ABOUT THIS EXERCISE
Take the whole listing and reproduce it exactly, pictures excepted.

SUPPLIED INFORMATION
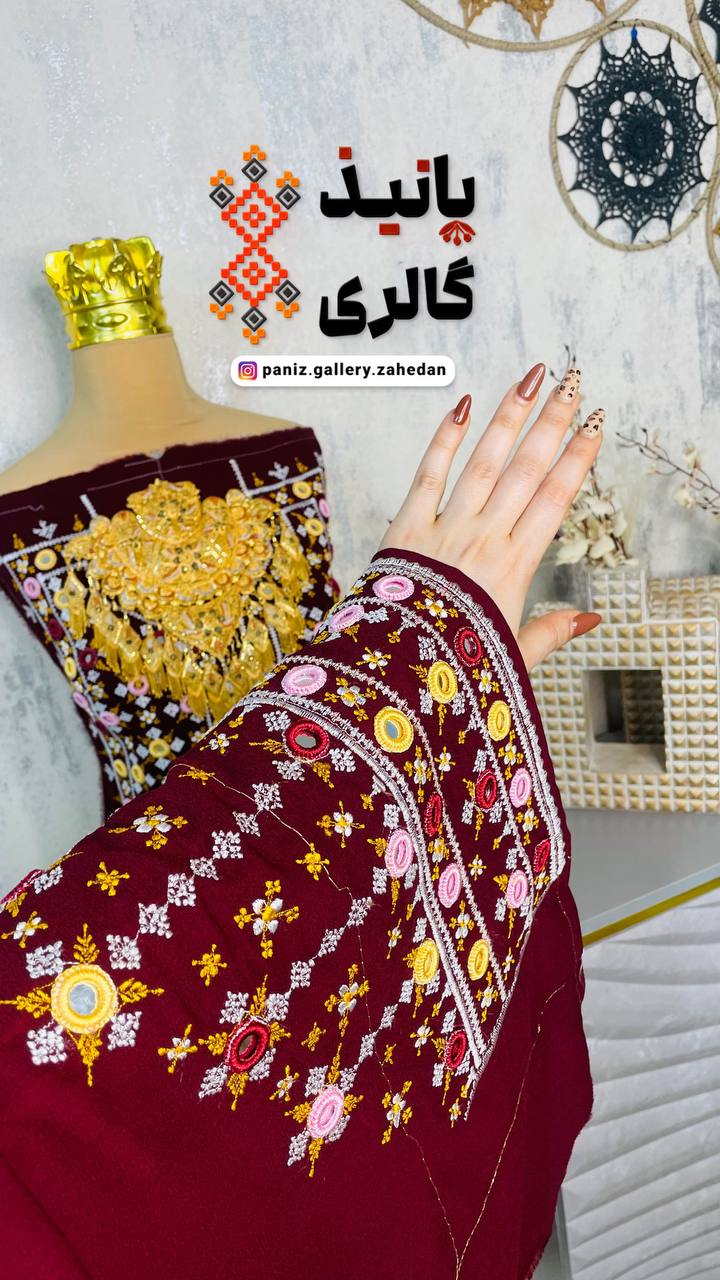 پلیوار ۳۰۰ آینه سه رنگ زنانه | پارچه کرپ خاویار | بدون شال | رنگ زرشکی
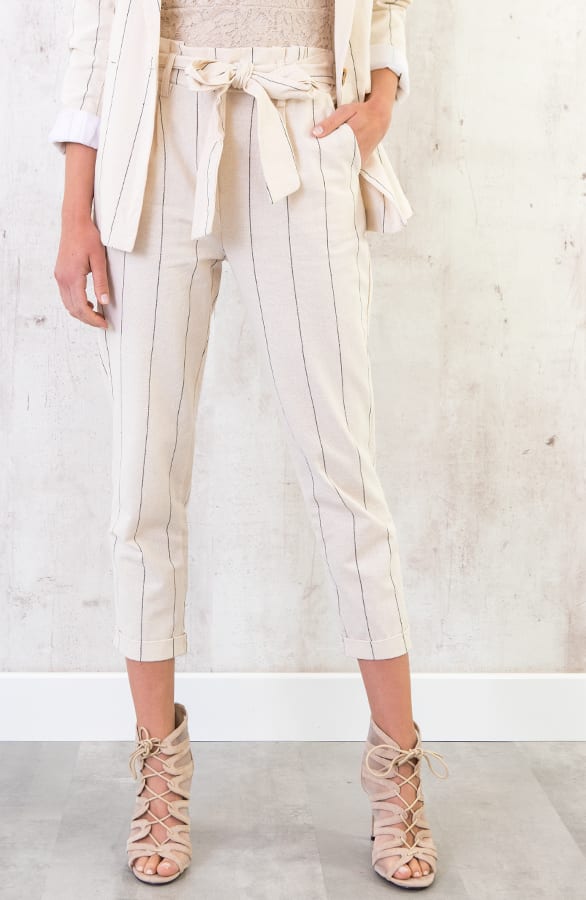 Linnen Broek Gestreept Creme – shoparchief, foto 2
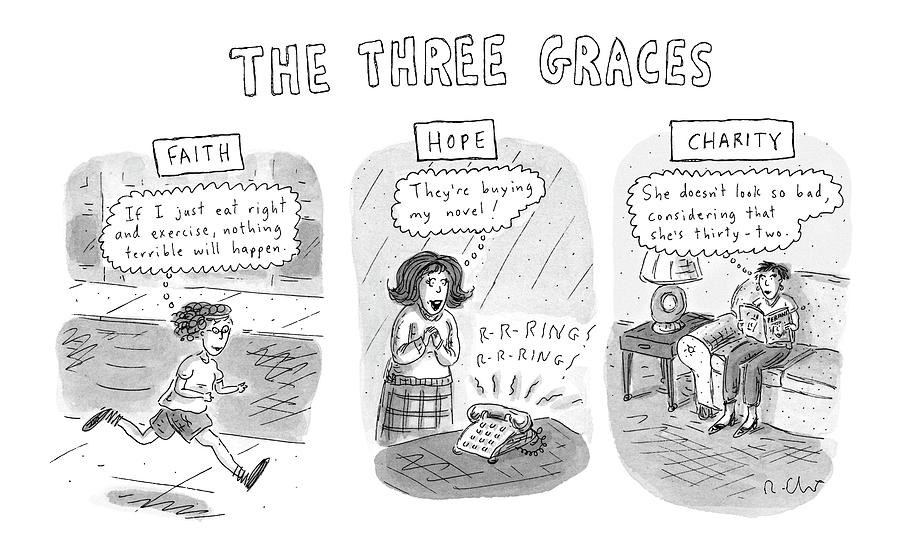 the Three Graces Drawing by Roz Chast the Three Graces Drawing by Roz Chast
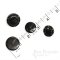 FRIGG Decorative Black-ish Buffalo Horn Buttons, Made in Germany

TASK ANSWER
 پلیوار ۳۰۰ آینه سه رنگ زنانه | پارچه کرپ خاویار | بدون شال | رنگ زرشکی
 Linnen Broek Gestreept Creme – shoparchief, foto 2
 the Three Graces Drawing by Roz Chast the Three Graces Drawing by Roz Chast
 FRIGG Decorative Black-ish Buffalo Horn Buttons, Made in Germany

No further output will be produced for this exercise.